▶ _Source data_:
━━━

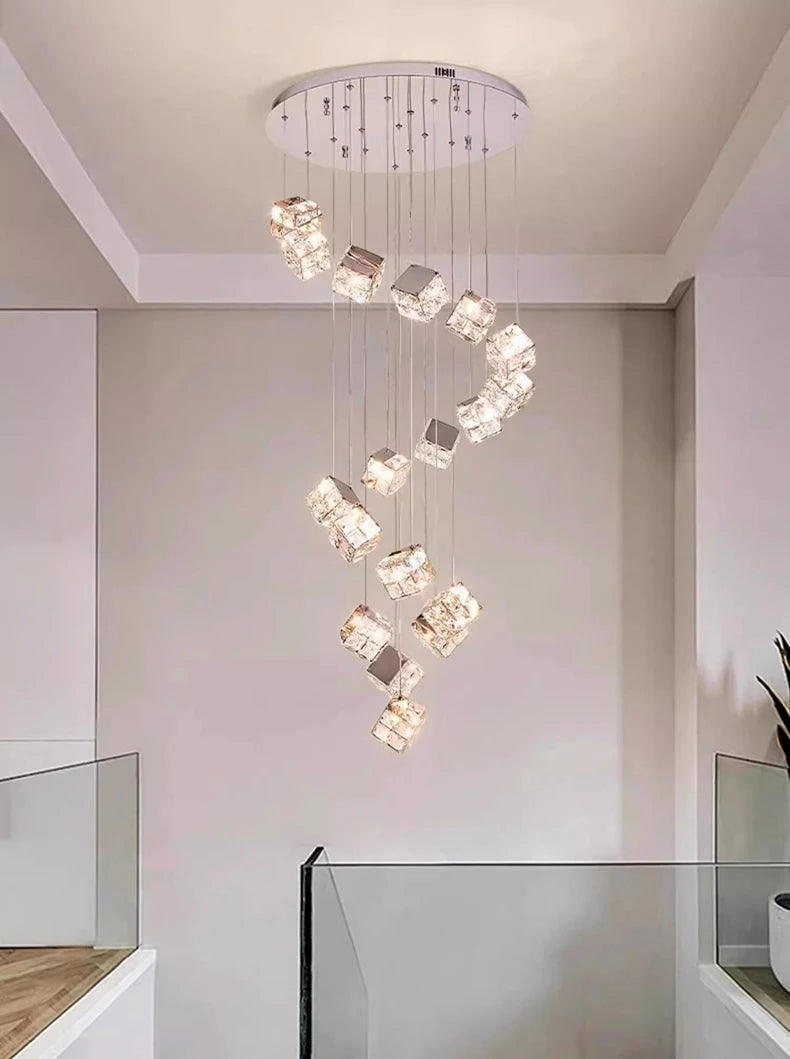Modern home decoration crystal chandelier, stair Pendant lamp, living room Pendant lights, interior lighting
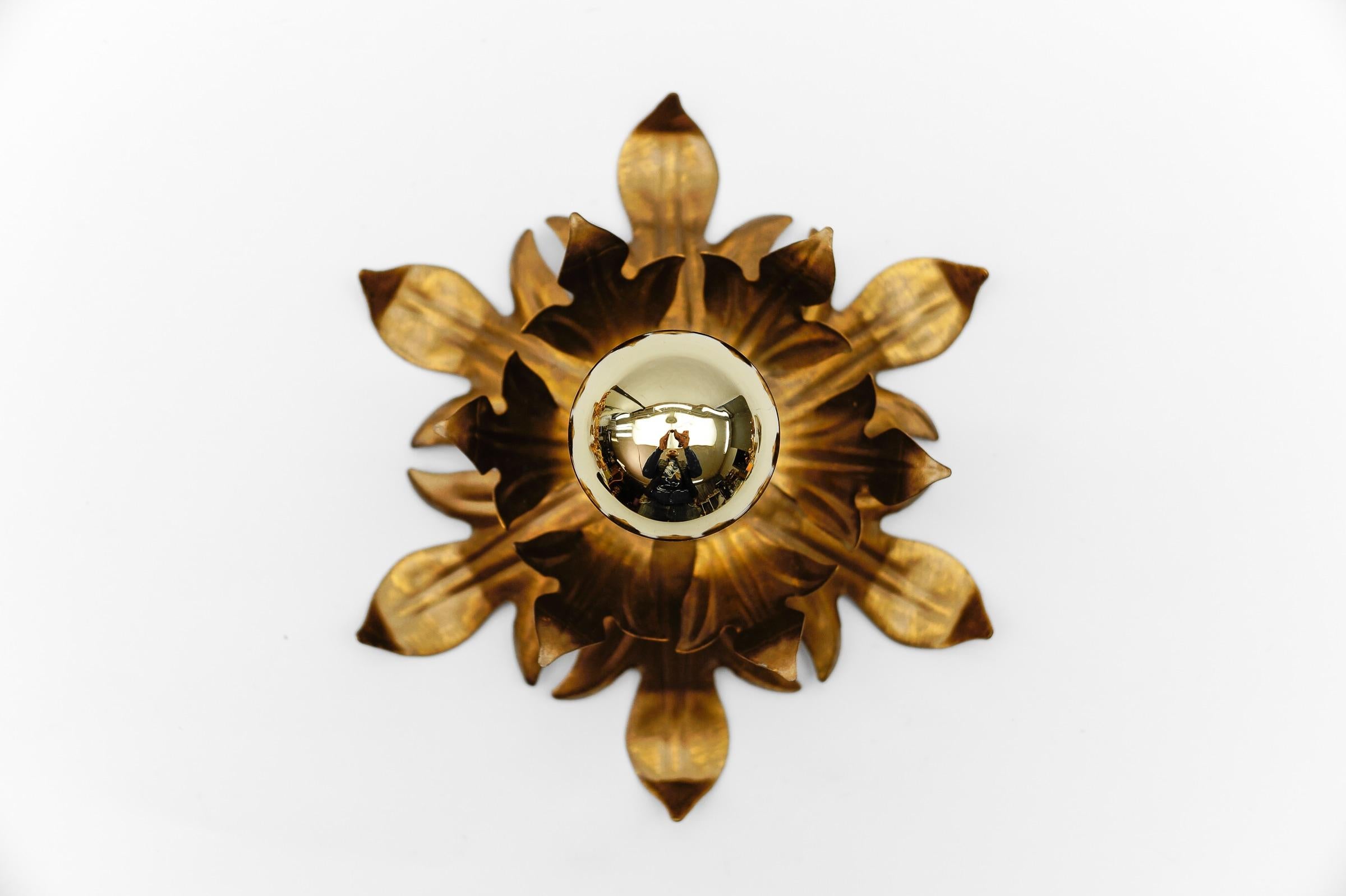 Lovely Petit Gilded Florentine Ceiling Lamp by Kögl, Germany, 1960s For Sale 3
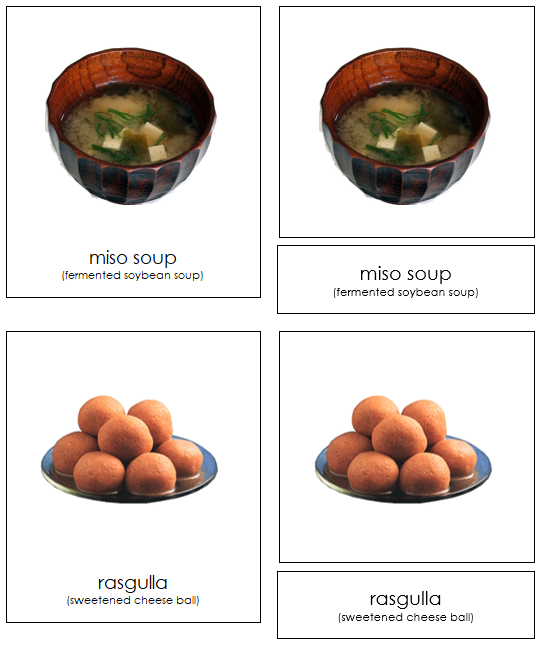 Asian Food - Montessori geography cards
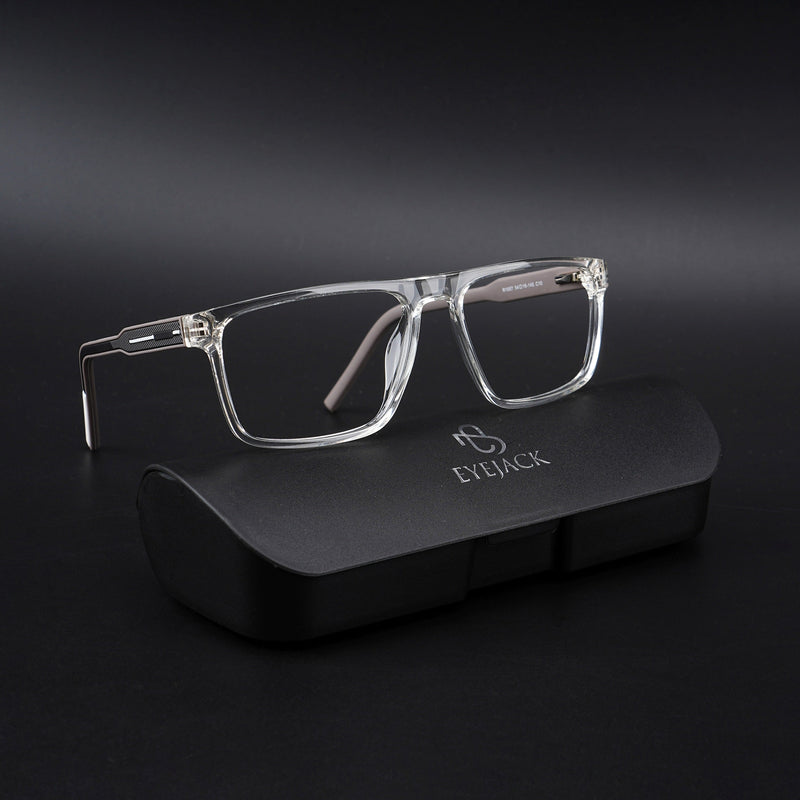 Eyejack Rush Transparent Square Eyeglasses for Men & Women (1007CL696-C2)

━━━

▶ _The problem_: Your output should consist solely of the lines from the line containing "Asian Food - Montessori geography cards" through the end of the data above, copied exactly, with images removed.

▶ _Task result_:
 Asian Food - Montessori geography cards
 Eyejack Rush Transparent Square Eyeglasses for Men & Women (1007CL696-C2)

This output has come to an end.